Anyone who wrote a tune or a melodic line, was immediately excommunicated by William Glock and his henchies... except for one or two personal favourites and friends... and considering the power that he wielded through BBC commissions of untold largesse, and his total control of whose music was played and whose was not, many fine and some great composers were effectively silenced, as far as Radio Three (then called the Third Programme) was concerned. Only music of extreme modernity was countenanced and for any composer to be caught playing footsie with a horrid horror film, that would have meant certain curtains and the professional acid bath. Oh ! Aaaaargh and thrice Aaaaargh !

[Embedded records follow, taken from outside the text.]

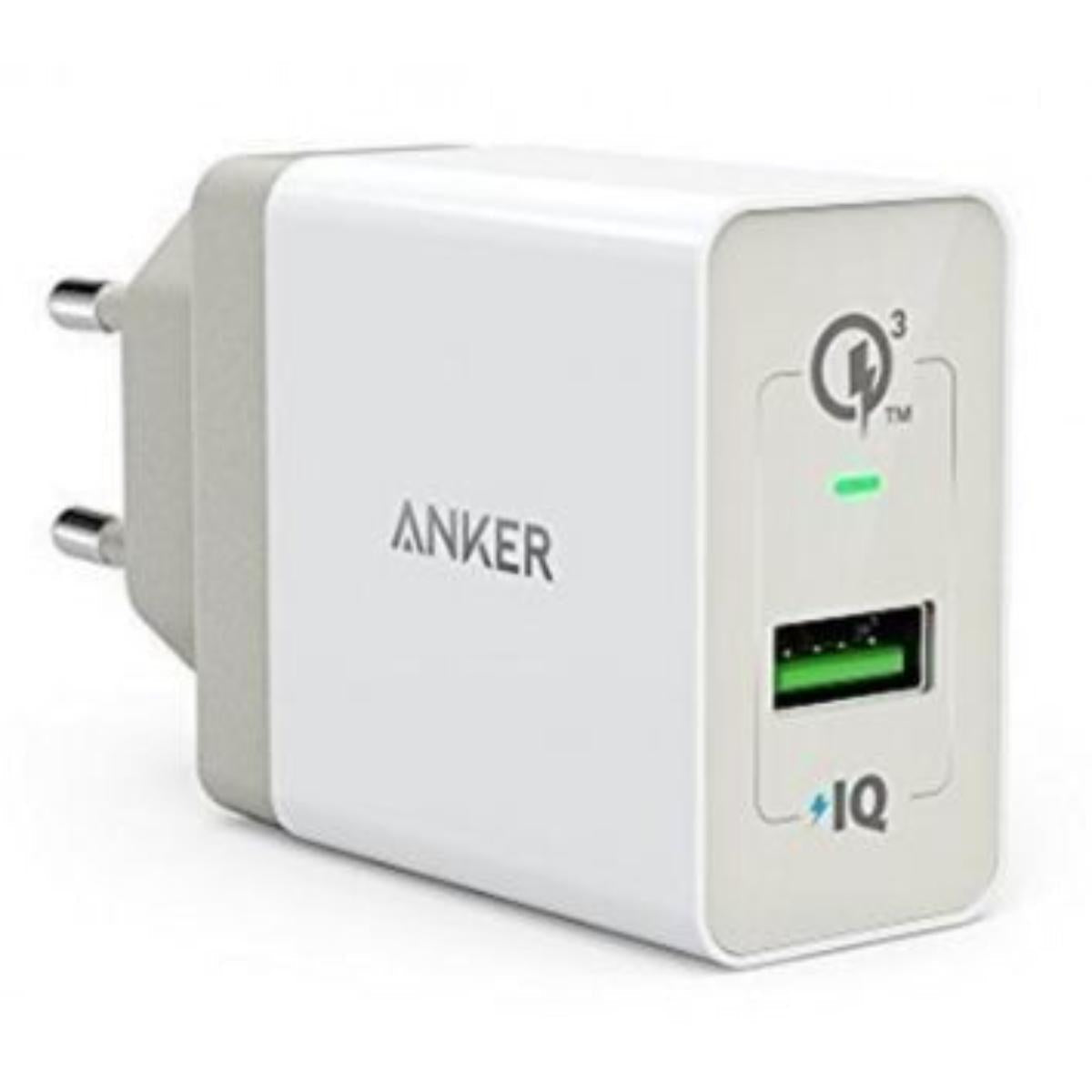 Buy Anker PowerPort+ 1 with Quick Charge 3.0 EU White in Jordan - Phonatech
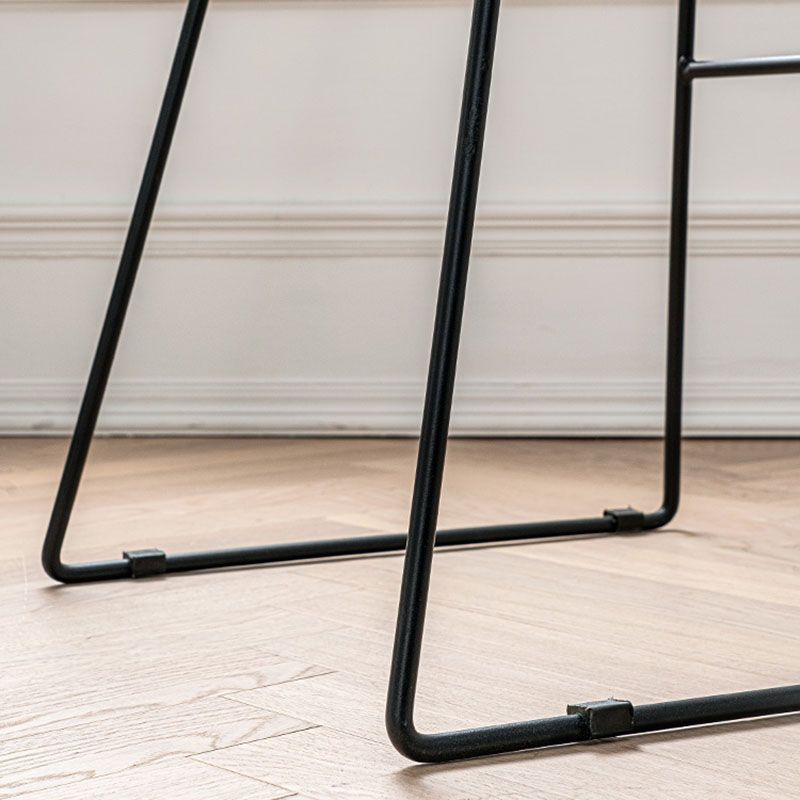Scandinavian Footrest Living Room Stool Matte Finish PU Leather Barstool Clearhalo 'Bar Furniture' 'Bar Stools' 'bar_stools' 'furn' 'furn_bar_stools' 'Furniture' 'furniture_bar_stools' 'Kitchen & Dining Furniture' 1200x1200_cfdb49e9-5c3a-4395-94ad-00b0af147201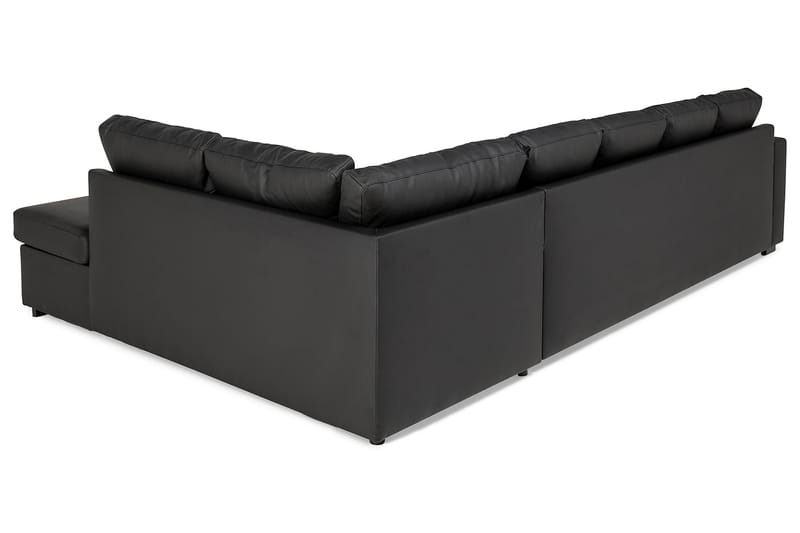 Crazy U-sofa XL Chaiselong Venstre - Sort Kunstlæder - U Sofa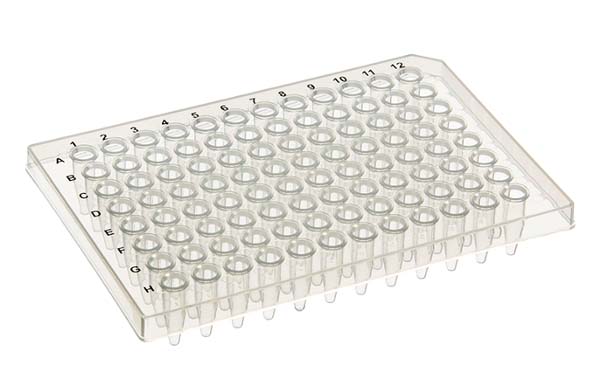96ウェル PCRスタンダードプレート セミスカート クリア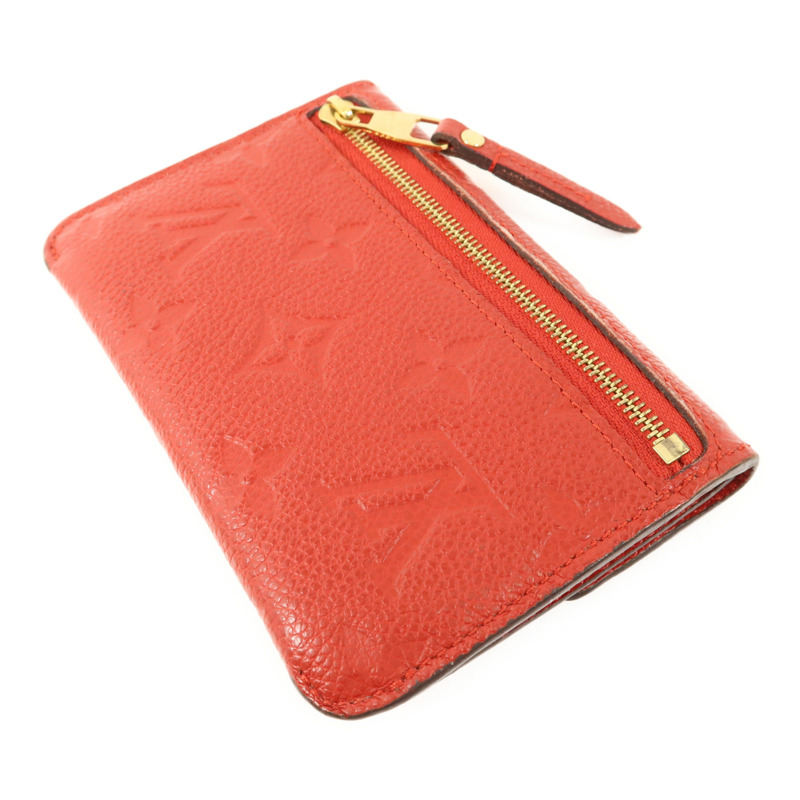 LOUIS VUITTON Monogram Empreinte Pochette Cure金扣零錢包-3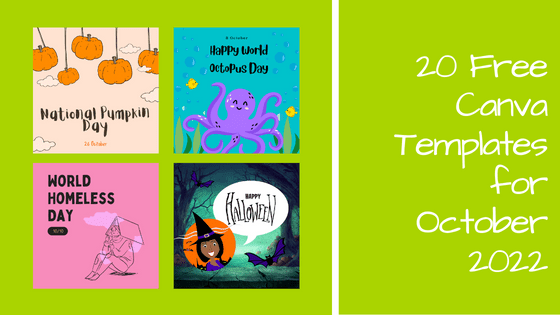 20 free October Templates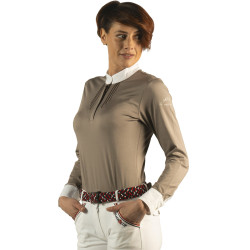 Damen-Poloshirt Kavala langarm Flags & Cup Damen-Poloshirt Kavala langarm Flags & Cup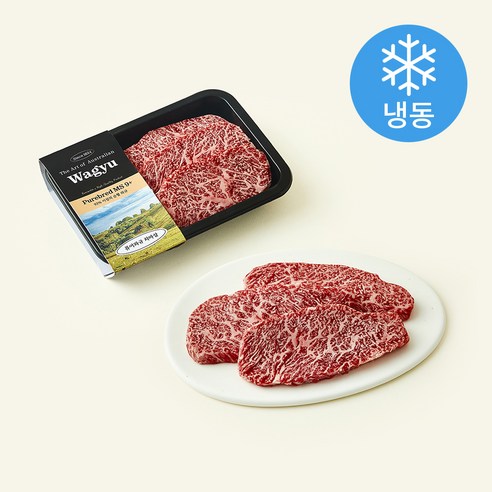 [로켓프레시] 하이마블 호주산 Purebred MS 9+ 와규 치마살 구이용 (냉동), 200g, 1개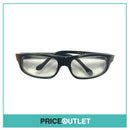 Clear Lens Black Frame Glasses RRP £325 (33)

I stopped off at Frankfurt Airport recently to meet a trumpet friend, VALENTIN GARVIE, a former Royal Academy Student of mine who now plays in the Ensemble Modern in that city. Argentinian by birth but in Europe for almost a decade, firstly in England and now in Germany, Valentin is multi-talented both technically and stylistically. More simply, he is just a terrific musician.
He is in the process of recording his first solo CD, and having heard some of the tracks it will be a must for all those interested in the trumpet. His jazz recordings show a sound quality that I can only call deeply poetic and subtle. Any of the concerns that I voiced in The Future Ain’t What It Used To Be do not apply in the slightest to performance of this quality. If only most modern string players, pianists and singers could achieve this level of expression, the musical world would be a much more enjoyable place. If only most of them knew what was needed!
When available I will put some audio files up.
Focal Dystonia
I noticed the following item with reference to a problem that has afflicted more than a few brass players – some well known to me - and which is a great deal wider spread across other instruments than I had imagined. FOCAL DYSTONIA is the name given to a neurological condition which causes a performer’s brain to lose control over some part of the body’s muscles that are used in the playing of their instrument.
The American pianist Leon Fleischer, aged now 80, and whose career crashed in 1964 because of this condition, for 30 years unsuccessfully sought a cure. His career had begun at the highest level of achievement and expectation. As with most medical discoveries, the doctors who recently found that regular injection of botox into the stricken area gradually released the problem, was accidental.
Fleischer, whom I remember performing with the LSO in the early 1960s, describes musicians as ‘athletes of small muscles’. In spite of his experiences having led him to conclude that once a dystonic, always one, he has now taken up his career again in a modified form and believes that he has learned significant musico-physical lessons in the process. (That these views agree wholly with my pre-existing ones - see The Trumpet and The Art of Practice – may or may not be of value or interest.) Doctors do not know the exact cause, but Fleischer clearly points the finger at the wrong kind of musical thinking and therefore practice, combined with over-work.
As this is the first I have heard of this particular solution, even though I have talked to musicians suffering dystonia, I don’t know whether this pianist’s solution has any possibility of being extended to other instrumentalists. I pass on the link in the hope that any small snippet of information might be of help.